If you want exceptional candidates, throw away the rubrics.

A rubric is "a scoring guide used to evaluate the quality of students' constructed responses". Put simply, it is a set of criteria for grading assignments.

That's Wikipedia's entry on a rubrics.

Rubrics are very useful tools used in education systems to provide a standardized way to assess students according to learning outcomes. However, outside of the education system we still see it being used everywhere, from case study competitions, to hackathons, interviews or scholarship assessments.

That's where the problem lies.

This is no school

In the learning & development context, it is possible to clearly define the lesson outcome and assess the learner's abilities before and after the lessons were delivered. This allows the educator to calibrate their teaching material and the learner to calibrate on the way they learn or topics to focus on in subsequent interactions. Essentially it is part of a process for teaching & learning.

When an assessment matrix is used outside of the context of learning and development, for instance for scholarship award assessment, a few problem arises:

  1. It is hard to calibrate individual performance to a scoring system especially if the candidate pool is diverse

  2. It is hard to define the range of traits or dimension that deserves a score

  3. It is hard to differentiate a candidate who is exceptional in a dimension from another who simply scores full marks on the rubrics

  4. It is easy to overlook an exceptional candidate's strength simply because he has several weaknesses as well

There is no 100 marks

Outside of the education system, there is no perfect score for a candidate. Just when you think a candidate is good, someone better appears at the door. The rubrics is made to measure a learner's ability according to well defined outcomes, you simply could not use it in a context of a competition, scholarship assessment or the likes of it. If you have tried that before you would find yourself re-calibrating the score on the previous candidates as new candidates presents themselves.
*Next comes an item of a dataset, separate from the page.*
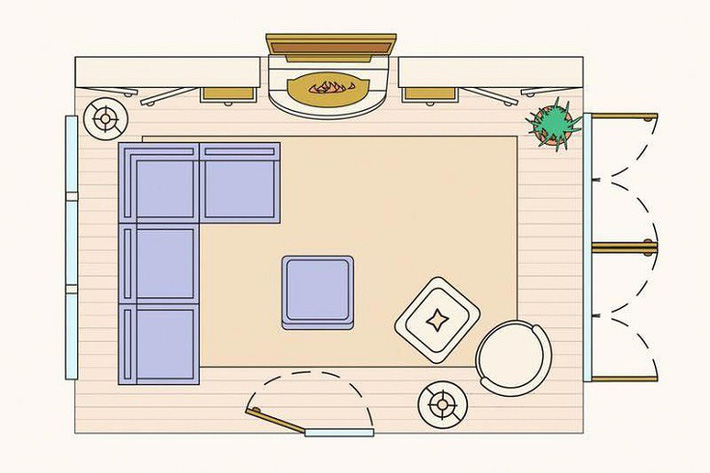 Description: Có 10 bản vẽ thiết kế phòng khách cực tỉ mỉ này thì bạn còn lo gì việc trăn trở xem bố trí phòng khách thế nào cho hợp lý - Ảnh 4.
Perhaps you would even encountered cases where you were trying to give more points to a candidate but have maxed out on one dimension and instead add points to another dimension instead!

So the question is... if we are bench-marking one candidate against other, why don't we start with that? Maybe, we could even remove multi-dimensions assessment?

Let's throw away the rubrics and just focus on the deliberation...

Simple Ranked List

Let's imagine a new way of assessing, using only simple priority list. Each assessor will simply maintain his own list of candidates ranked by the overall standing of the candidates. When the first candidate is being assessed, he will be placed in the center of the list. Each subsequent candidate will simply be inserted in above or below other candidates which were previously assessed.

Once the entire pool of candidates has been assessed, each assessor will have their own priority list. Now, they will simply combine their priority lists into one. They can do so by assigning an score to each candidate on the list.

For instance, for a list of 5 candidates, where the first is the most favored candidate, the score will look like:

Milana Redman - (5)
Abby Herman - (4)
Ellisha Chan - (3)
Arisha Cuevas - (2)
Zaki Kirby - (1)

The scores will be added for all candidates and the overall priority list could then look like (in a scenario of 4 assessors):

Abby Herman - (18)
Milana Redman - (17)
Ellisha Chan - (11)
Arisha Cuevas - (8)
Zaki Kirby - (6)

With this list, we can see the overall ranking of all the candidate against one another. The panel can then award the prizes accordingly to the rank.

One might think that the results of the rubrics would also achieve the same, but here are some stark difference:

Holistic Assessments

Without a rubrics, we allow the assessors to assess the candidates more holistically without the constraints of having fixed dimensions. That is very common in a panel of assessors where each of them has different priorities when it comes to a "perfect candidate". This method respects the professional opinion of each of these assessors, and we do not need them to calibrate the idea of the perfect candidate as they assess the candidates.

Strength Based

A rubrics allows one to assess a candidate against a well specified outcome. However, it is not useful in cases where all candidates are exceptional to begin with.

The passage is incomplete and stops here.